Tell me how many lines in the data include "Round", and keep the reply to that number.

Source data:

Content starts

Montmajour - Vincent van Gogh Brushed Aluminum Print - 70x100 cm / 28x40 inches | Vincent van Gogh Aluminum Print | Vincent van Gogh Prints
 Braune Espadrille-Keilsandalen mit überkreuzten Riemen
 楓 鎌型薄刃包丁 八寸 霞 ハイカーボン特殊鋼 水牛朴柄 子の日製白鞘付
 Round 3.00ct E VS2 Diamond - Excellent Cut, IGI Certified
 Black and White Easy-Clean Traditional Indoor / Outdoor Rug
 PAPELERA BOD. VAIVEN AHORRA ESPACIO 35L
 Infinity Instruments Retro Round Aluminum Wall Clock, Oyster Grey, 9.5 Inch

Content ends

## Task response
2